◆ WORK INSTRUCTIONS
Copy the records below line by line and word for word, from the very first line through the line with "High angle view of swimming pool", omitting each picture.

◆ AVAILABLE DATA
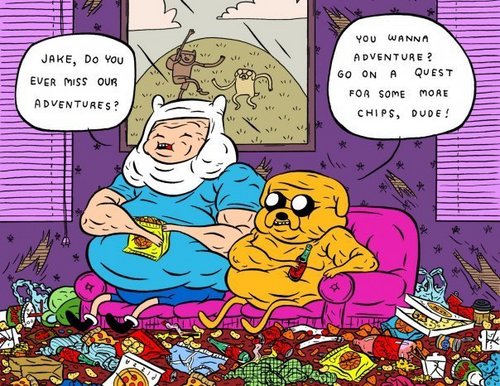 jake and finn, the fun is gone because, THERE FAT...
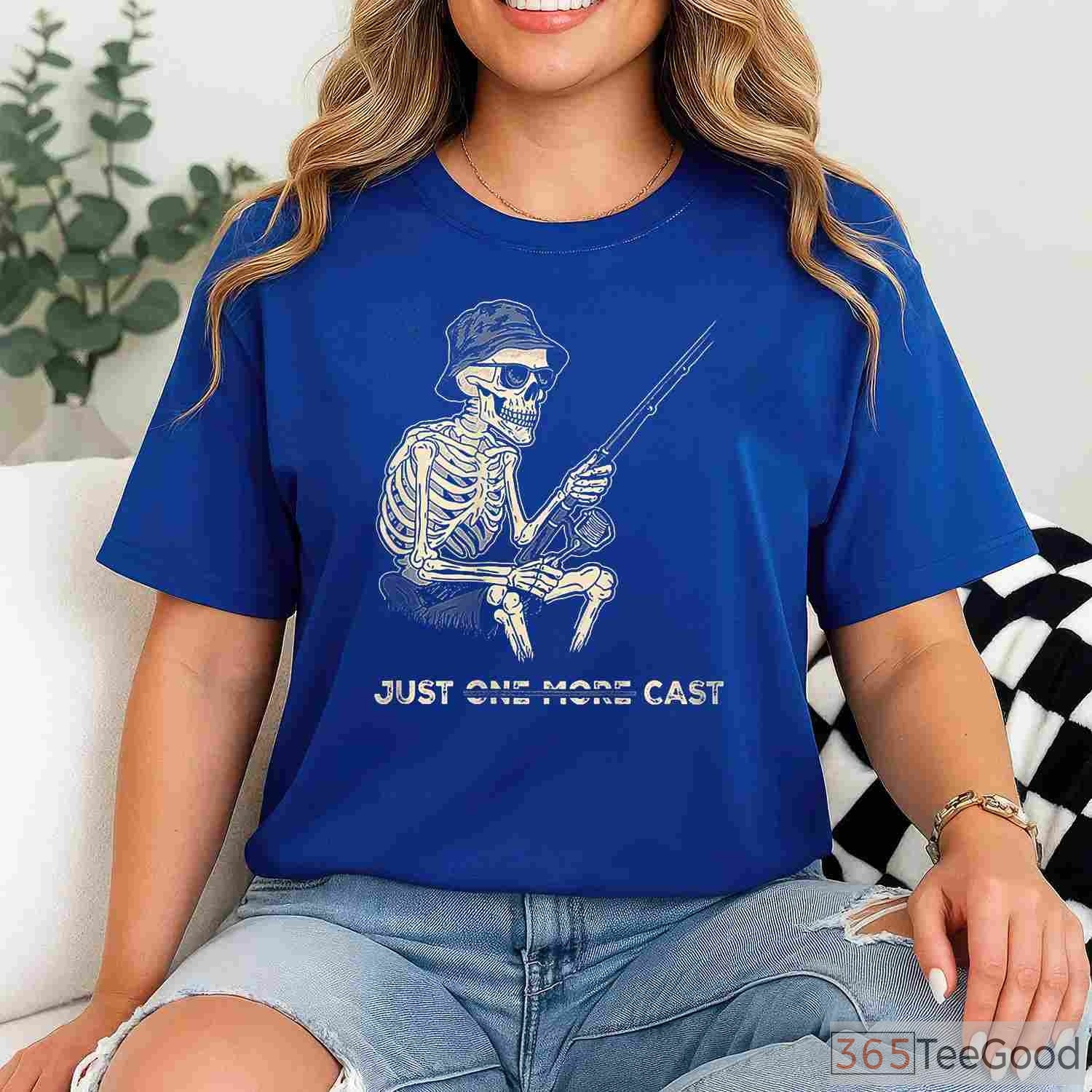 Just One More Cast Skeleton Fishing Shirt - Gritty Bass Angler Graphic Tee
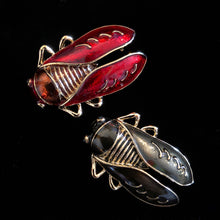Load image into Gallery viewer, ENAMELLED CICADA BROOCH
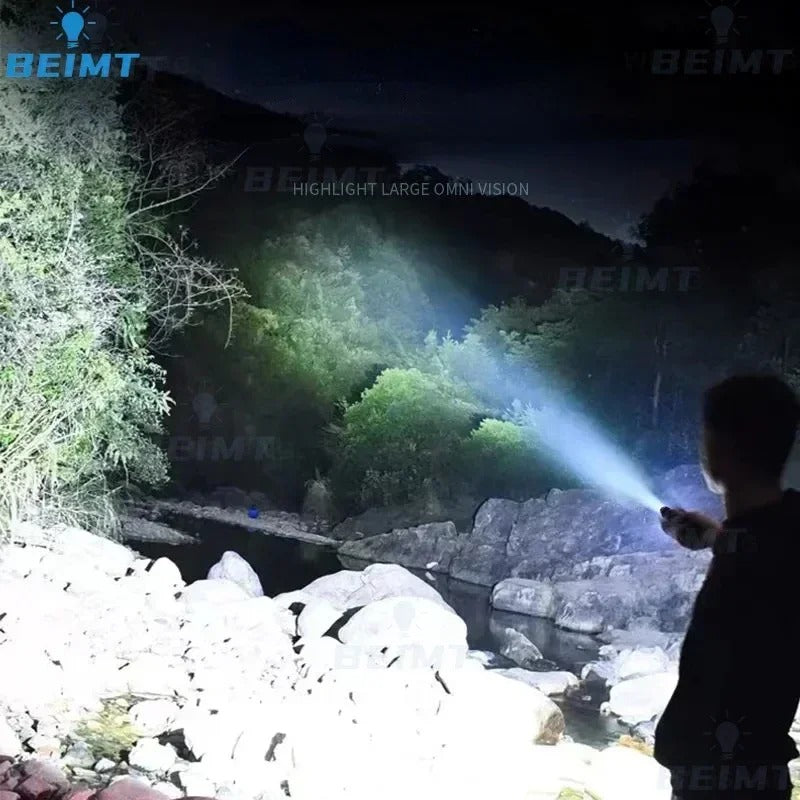 LED Flashlight Super Bright Rechargeable Waterproof Torch with Cap Clip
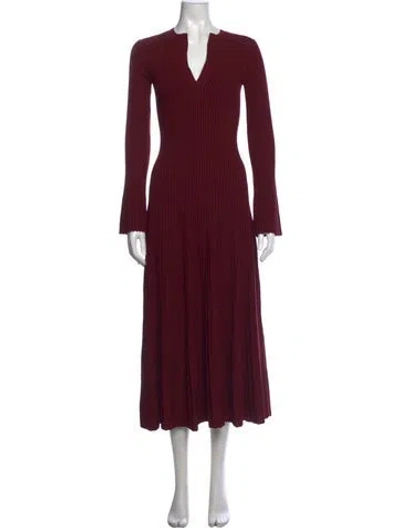 Pre-owned Simkhai V-neck Midi Length Dress W/ Tags In Burgundy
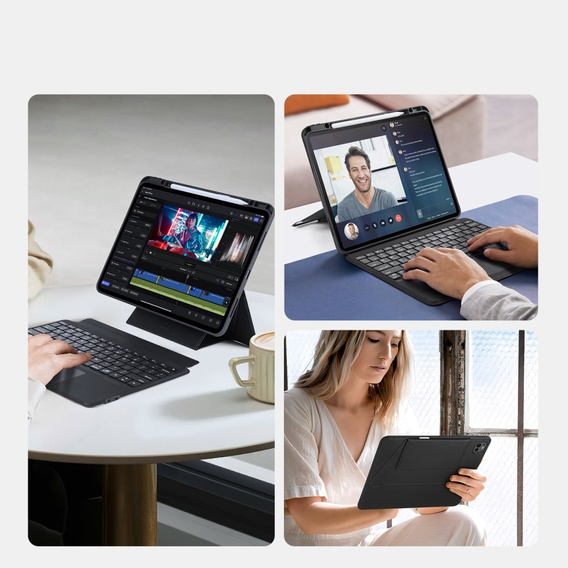Pouzdro s klávesnicí pro Apple iPad Pro 13" 7. generace 2024, Dux Ducis DK Series, černé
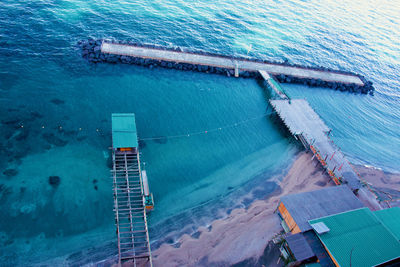 High angle view of swimming pool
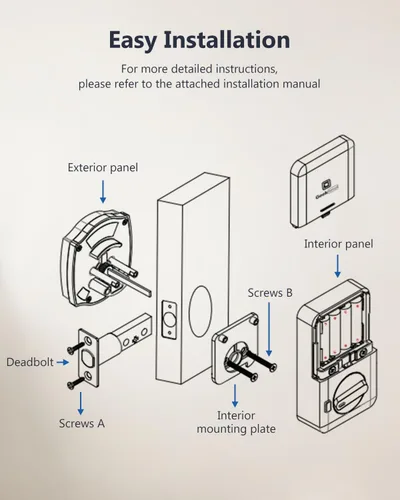 Vista 7 de Geek Smart Cerradura de cerrojo de huellas dactilares con teclado, cerrojo inteligente con código, cerraduras electrónicas para puerta delantera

◆ TASK RESULT
 jake and finn, the fun is gone because, THERE FAT...
 Just One More Cast Skeleton Fishing Shirt - Gritty Bass Angler Graphic Tee
Load image into Gallery viewer, ENAMELLED CICADA BROOCH
 LED Flashlight Super Bright Rechargeable Waterproof Torch with Cap Clip
 Pre-owned Simkhai V-neck Midi Length Dress W/ Tags In Burgundy
Pouzdro s klávesnicí pro Apple iPad Pro 13" 7. generace 2024, Dux Ducis DK Series, černé
 High angle view of swimming pool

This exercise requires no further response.